Currently something called LSDK 20.04:

Okay, some NXP vendor kernel.

As the flexcan driver only uses one mailbox for TX, there'll be no reordering on the TX side. For RX it uses timestamps on the mailboxes, which is also fine. What load do you have on the system, while running the test? Maybe a dropped frame on the socket.

vladimiroltean commented 4 years ago

What load do you have on the system, while running the test? Maybe a dropped frame on the socket.

A stress --cpu 2 --hdd 2, actually. Could you please expand a bit more about the ways in which CPU load affects this application?

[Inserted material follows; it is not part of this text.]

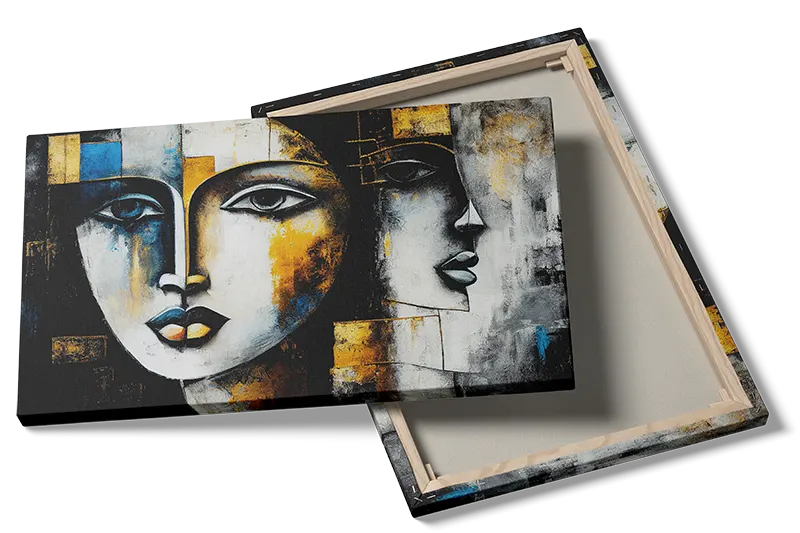 Dual Tone Faces Plakat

marckleinebudde commented 4 years ago

If canfdtest isn't scheduled the RX-queue in the socket will grow, because it cannot receive CAN frames as fast as they are received by the flexcan core. The socket queue will grow and eventually the kernel will drop CAN frames from that queue. That might explain your problem here.

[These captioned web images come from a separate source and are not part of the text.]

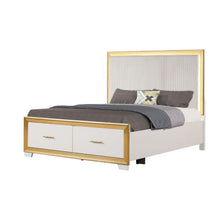 Load image into Gallery viewer, Obsession - Queen Size Bed With LED Headboard And Footboard Storage Drawer - White
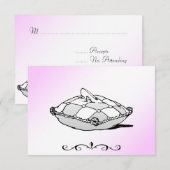 Cinderella Glass Slipper RSVP Cards Karte (Vorne/Hinten)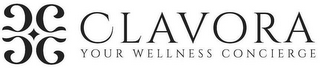 C C C C CLAVORA YOUR WELLNESS CONCIERGE logo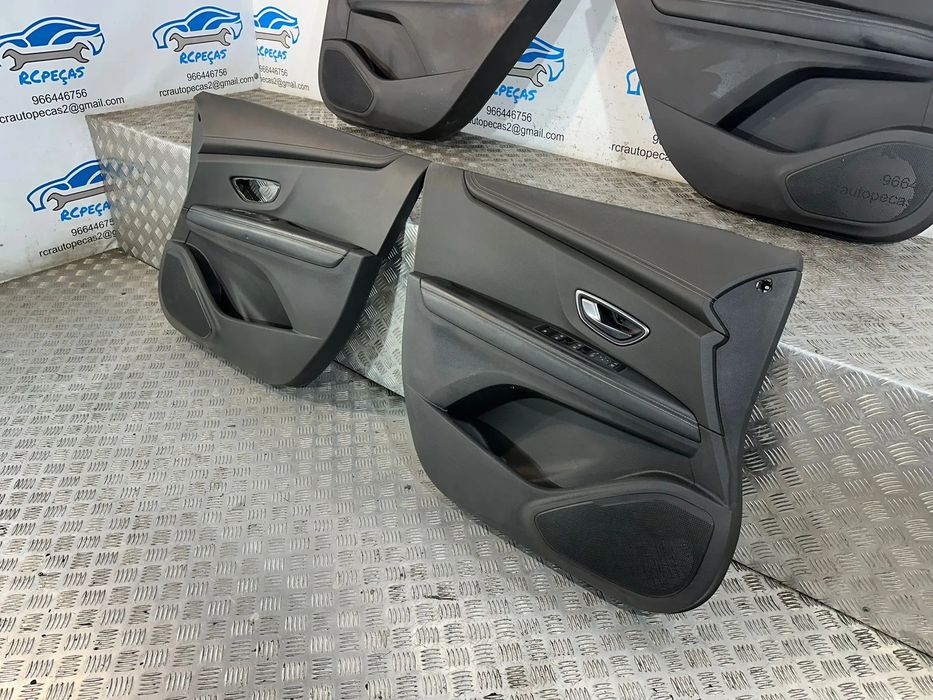 Conjunto Quartelas Frente Frontal Tras Traseira Original Com Cortinas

vladimiroltean commented 4 years ago

Thing is, stress --cpu only does this, if you look at the source code:

int
hogcpu (void)
{
  while (1)
    sqrt (rand ());

  return 0;
}

That shouldn't pose much of an issue to the scheduler, and neither should stress --hdd:

int
hoghdd (long long bytes)
{
  long long i, j;
  int fd;
  int chunk = (1024 * 1024) - 1;        /* Minimize slow writing.  */
  char buff[chunk];

  /* Initialize buffer with some random ASCII data.  */
  dbg (stdout, "seeding %d byte buffer with random data\n", chunk);
  for (i = 0; i < chunk - 1; i++)
    {
      j = rand ();
      j = (j < 0) ? -j : j;
      j %= 95;
      j += 32;
      buff[i] = j;
    }
  buff[i] = '\n';

  while (1)
    {
      char name[] = "./stress.XXXXXX";

      if ((fd = mkstemp (name)) == -1)
        {
          err (stderr, "mkstemp failed: %s\n", strerror (errno));
          return 1;
        }

      dbg (stdout, "opened %s for writing %lli bytes\n", name, bytes);

      dbg (stdout, "unlinking %s\n", name);
      if (unlink (name) == -1)
        {
          err (stderr, "unlink of %s failed: %s\n", name, strerror (errno));
          return 1;
        }

      dbg (stdout, "fast writing to %s\n", name);
      for (j = 0; bytes == 0 || j + chunk < bytes; j += chunk)
        {
          if (write (fd, buff, chunk) == -1)
            {
              err (stderr, "write failed: %s\n", strerror (errno));
              return 1;
            }
        }

      dbg (stdout, "slow writing to %s\n", name);
      for (; bytes == 0 || j < bytes - 1; j++)
        {
          if (write (fd, &buff[j % chunk], 1) == -1)
            {
              err (stderr, "write failed: %s\n", strerror (errno));
              return 1;
            }
        }
      if (write (fd, "\n", 1) == -1)
        {
          err (stderr, "write failed: %s\n", strerror (errno));
          return 1;
        }
      ++j;

      dbg (stdout, "closing %s after %lli bytes\n", name, j);
      close (fd);
    }

  return 0;
}

I would like to test your hypothesis though. What are some CAN socket statistics counters I can check?